## About this exercise
Find every line containing the string "play" in the data below, and report how many there are, with no other words.

## Exercise input
◆ ◆ ◆ ◆ ◆ ◆ ◆
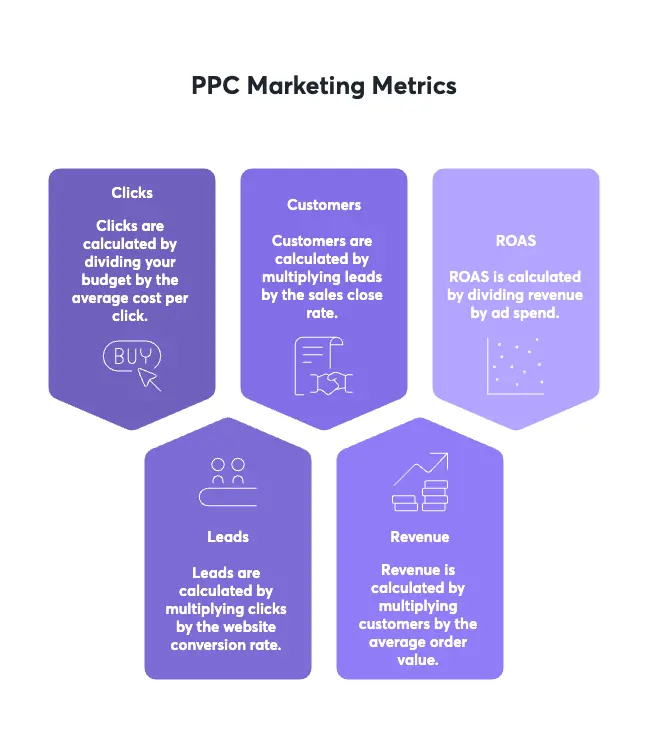 ppc-marketing-metrics
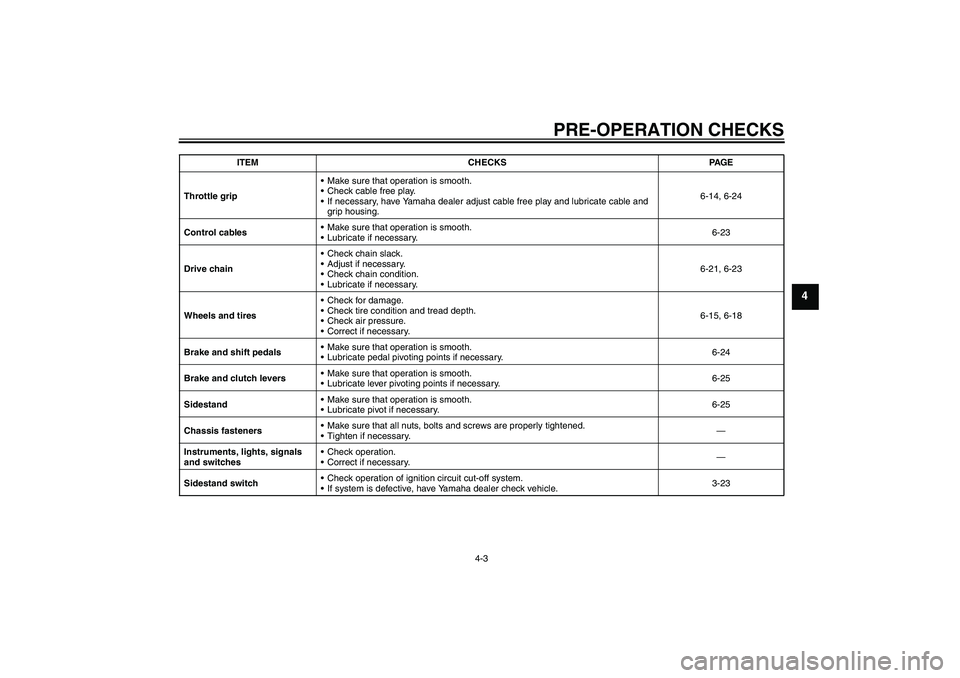 YAMAHA FZ1-N 2006  Owners Manual PRE-OPERATION CHECKS
4-3
4
Throttle gripMake sure that operation is smooth.
Check cable free play.
If necessary, have Yamaha dealer adjust cable free play and lubricate cable and 
grip housing.6-14
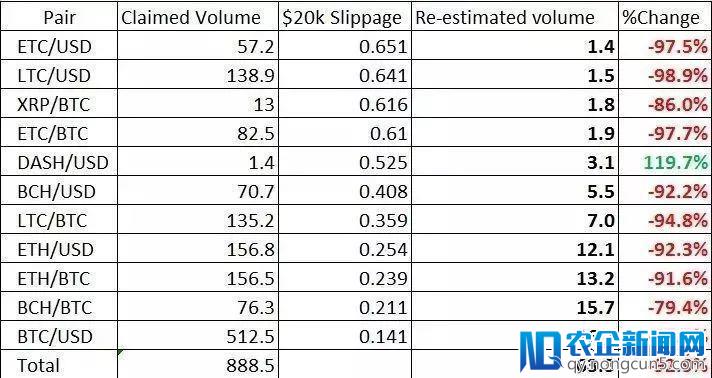 OKex、火币等被指交易量造假，虚假交易额高达30亿美元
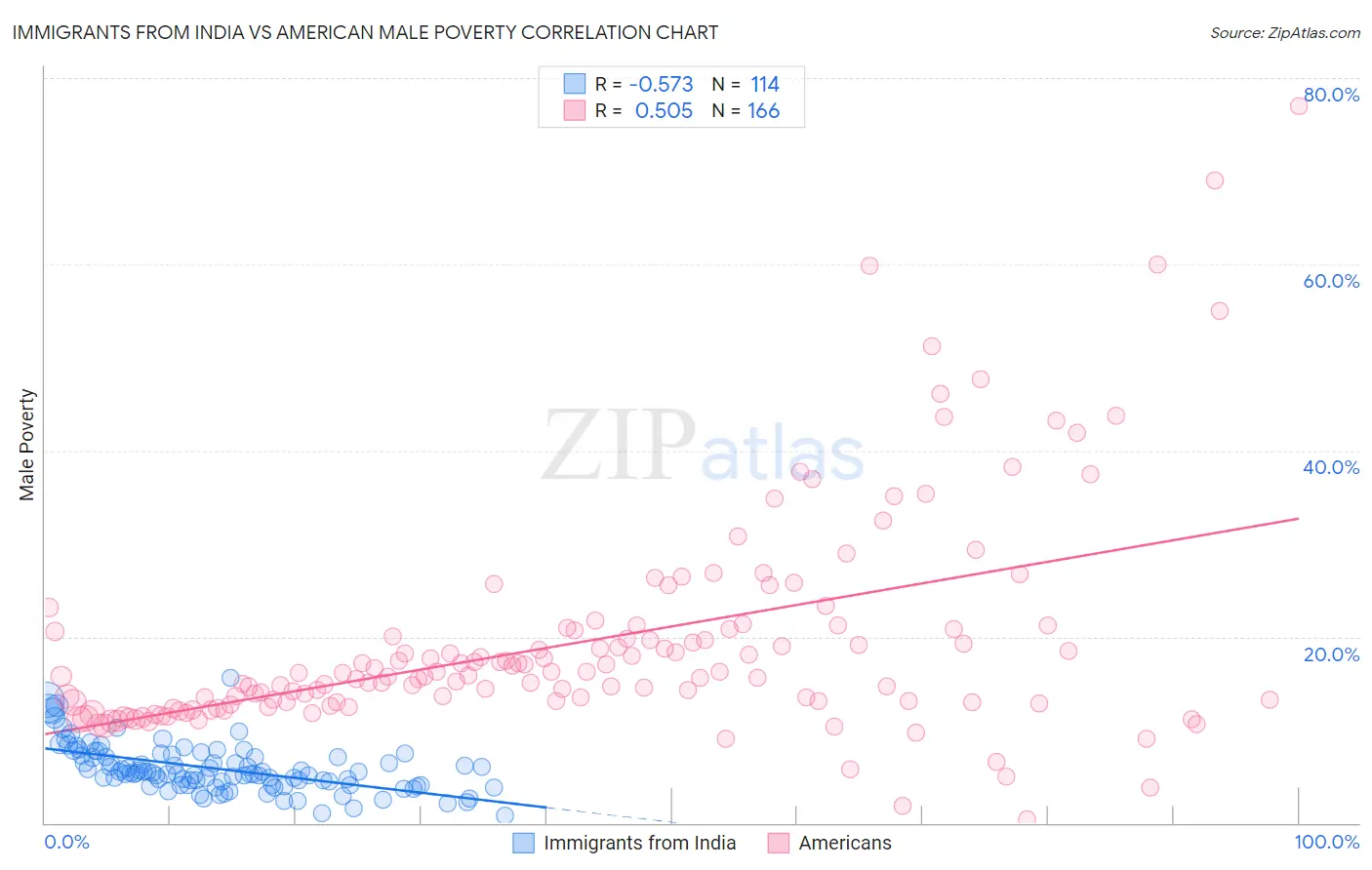 Immigrants from India vs American Male Poverty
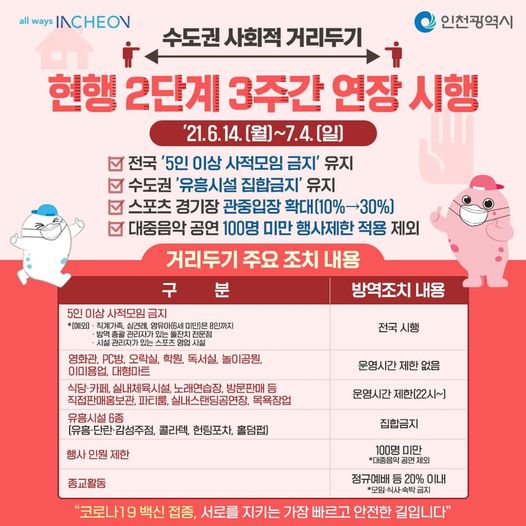 사회적 거리두기 현행 2단계 연장 시행의 1번째 이미지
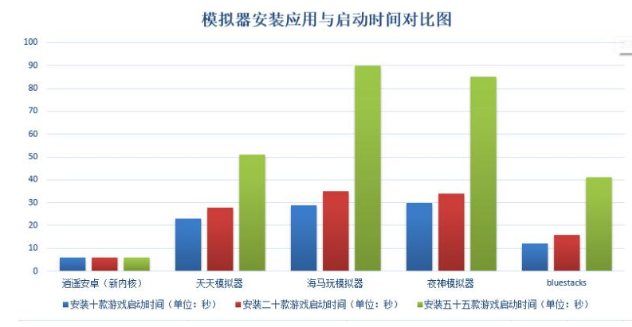 手机模拟器 手机模拟器
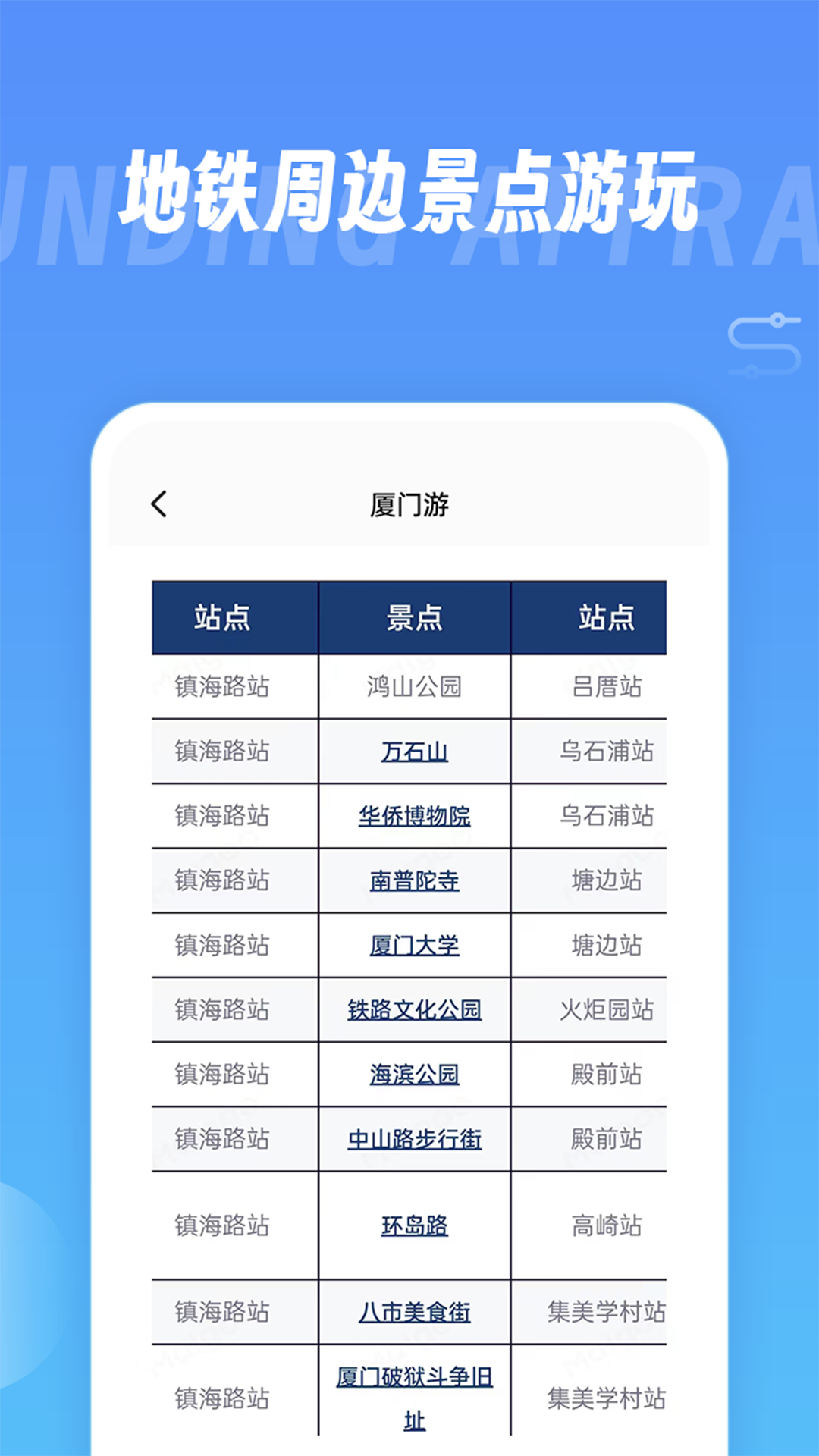 精彩截图-地铁查询宝2025官方新版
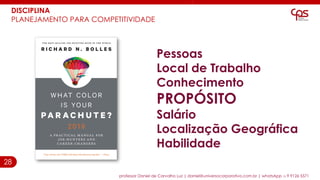 28
professor Daniel de Carvalho Luz | daniel@universocorporativo.com.br | whatsApp 15 9 9126 5571
Pessoas
Local de Trabalho
Conhecimento
PROPÓSITO
Salário
Localização Geográfica
Habilidade
DISCIPLINA
PLANEJAMENTO PARA COMPETITIVIDADE
 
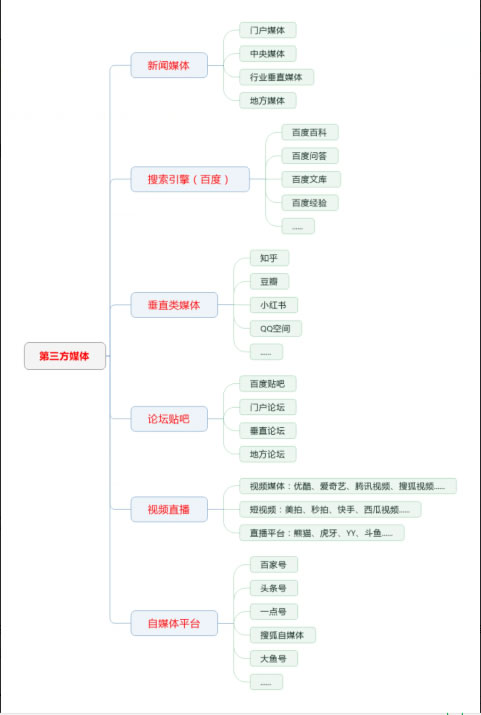 帮你快速构建整合营销知识体系 产品推广再也不怕没有思路(图4)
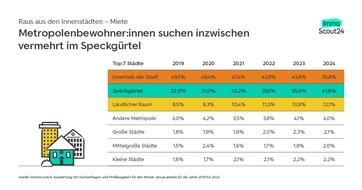 ImmoScout24: Zu hohe Preise: Mehrheit will Großstädte verlassen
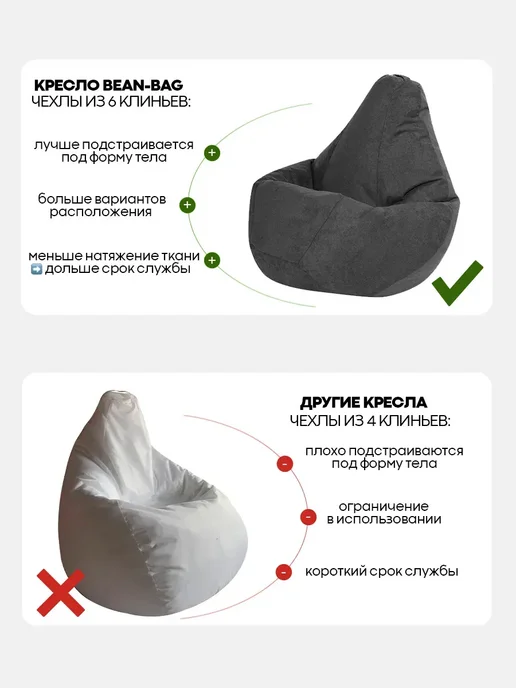 Bean-Bag Кресло мешок Велюр 4XL, зеленый, фото 5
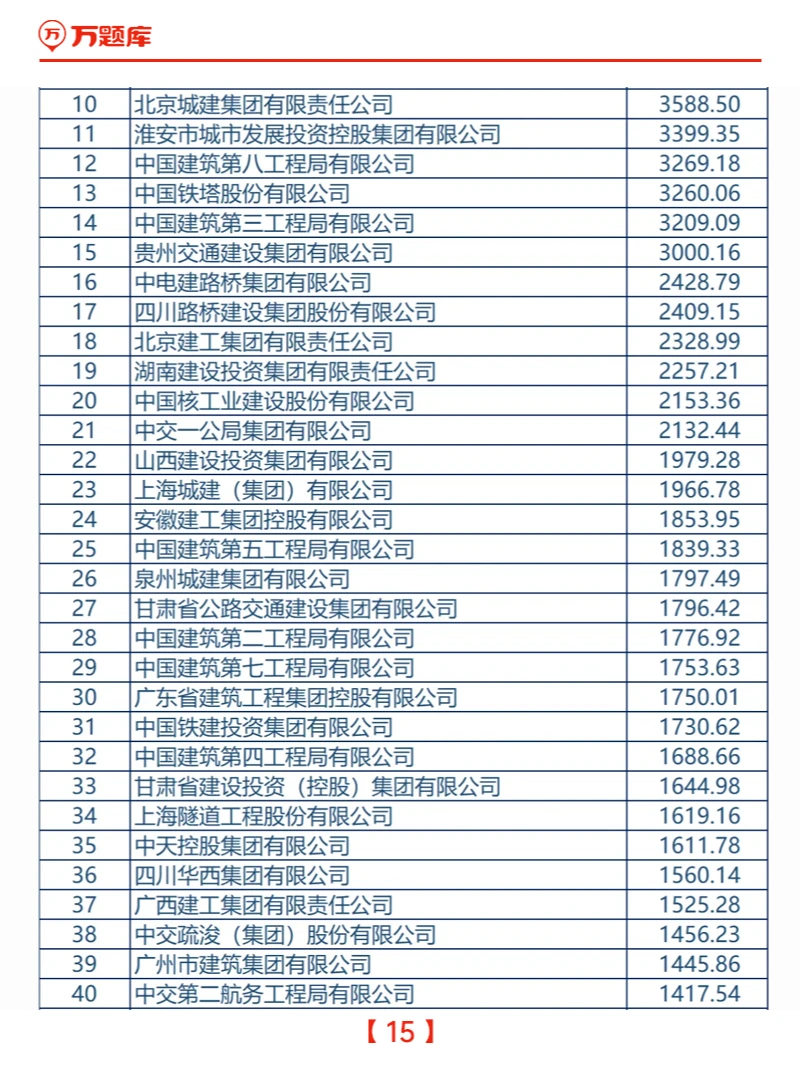 2024中国建筑企业200强榜单发布
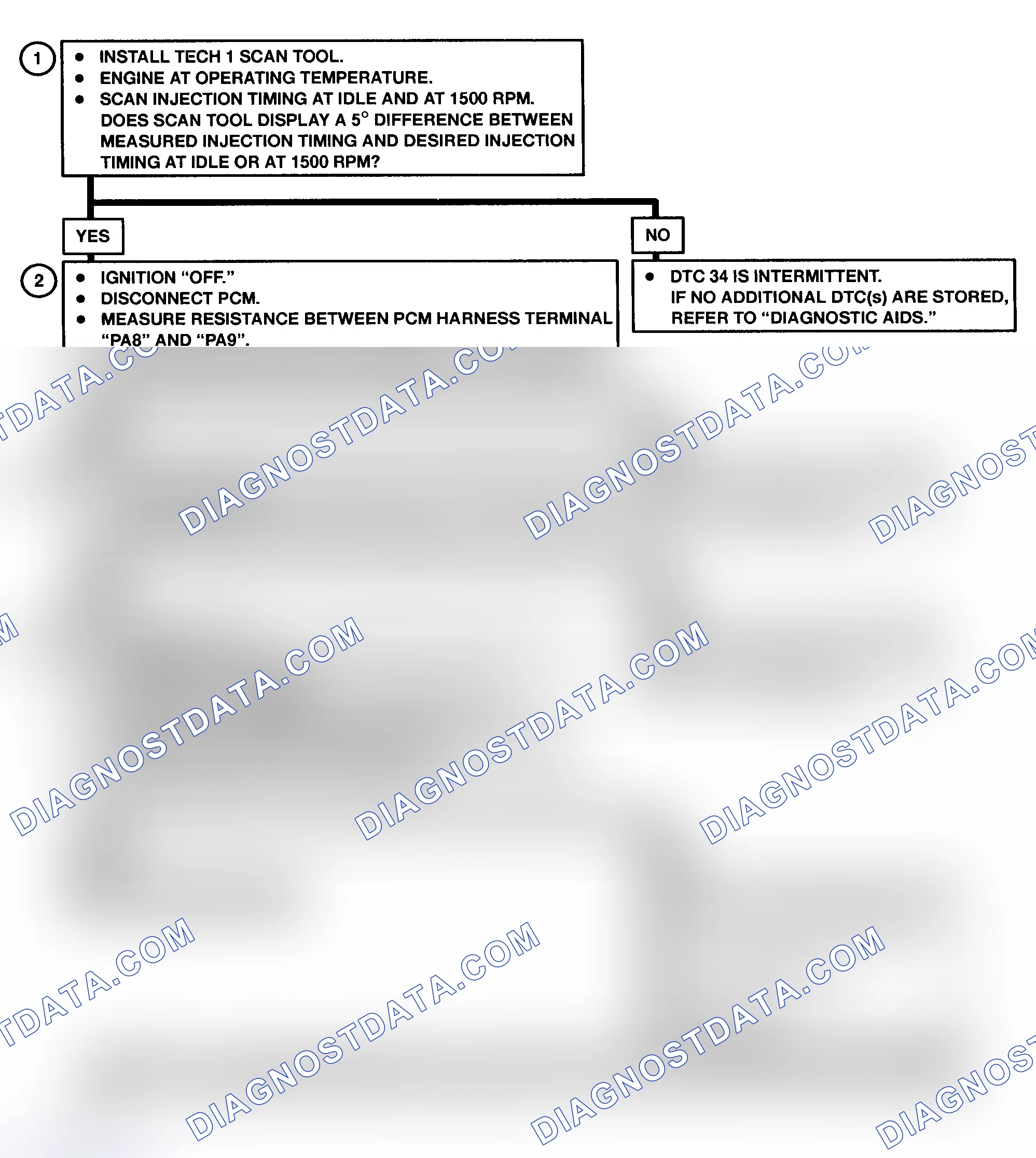 Scheme 42: DTC 34 Flow Chart (6.5L Diesel) Injection Timing Stepper (ITS) Motor Circuit Fault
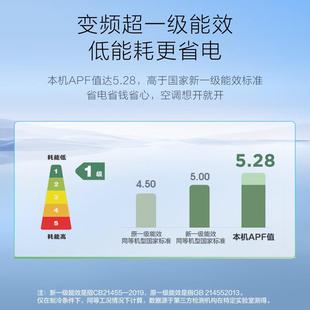 新一级能效空调 JF2Ta 壁挂式 35GW KFR TC.L空调1.5匹
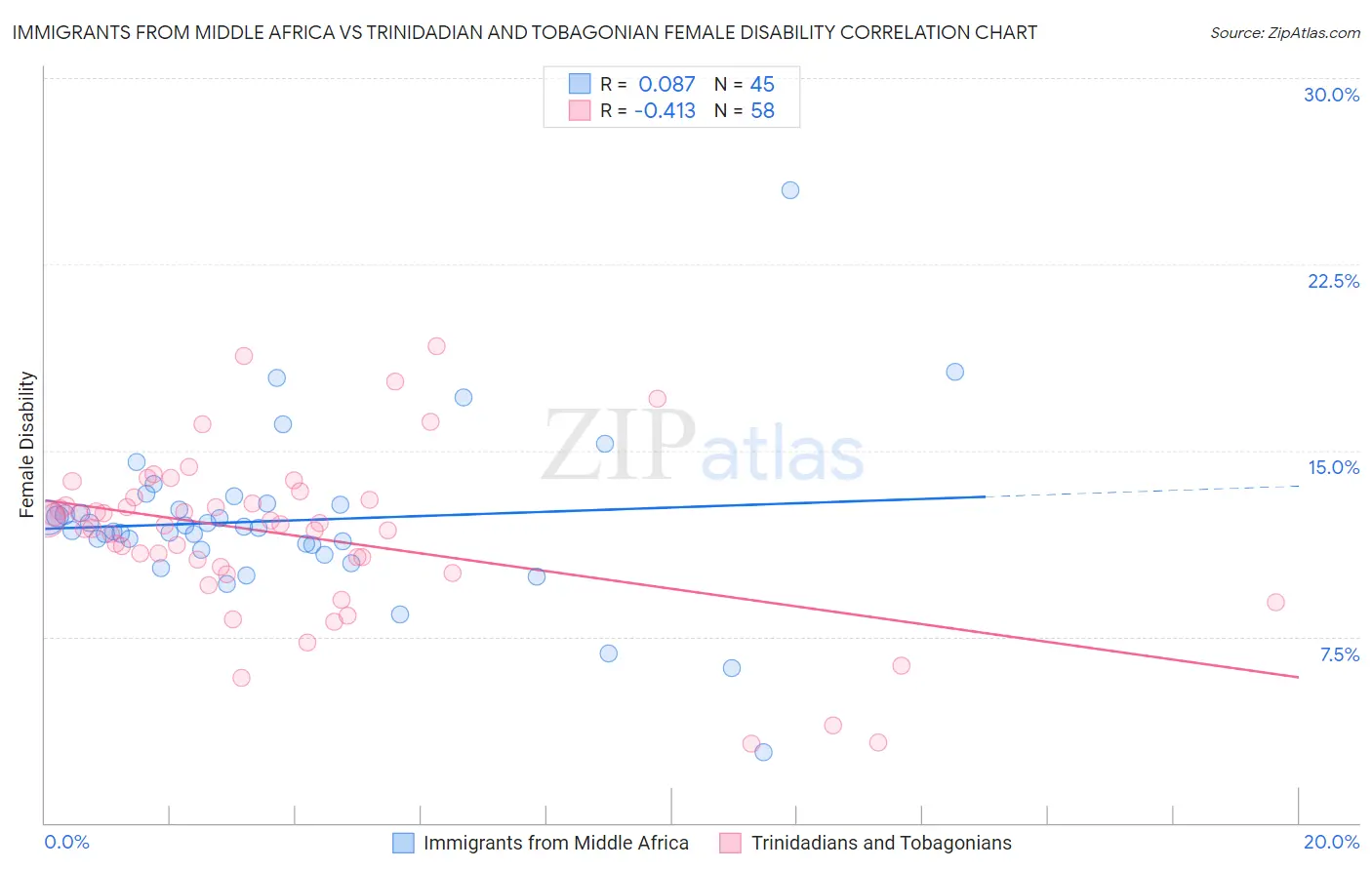 Immigrants from Middle Africa vs Trinidadian and Tobagonian Female Disability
◆ ◆ ◆ ◆ ◆ ◆ ◆
## Output
2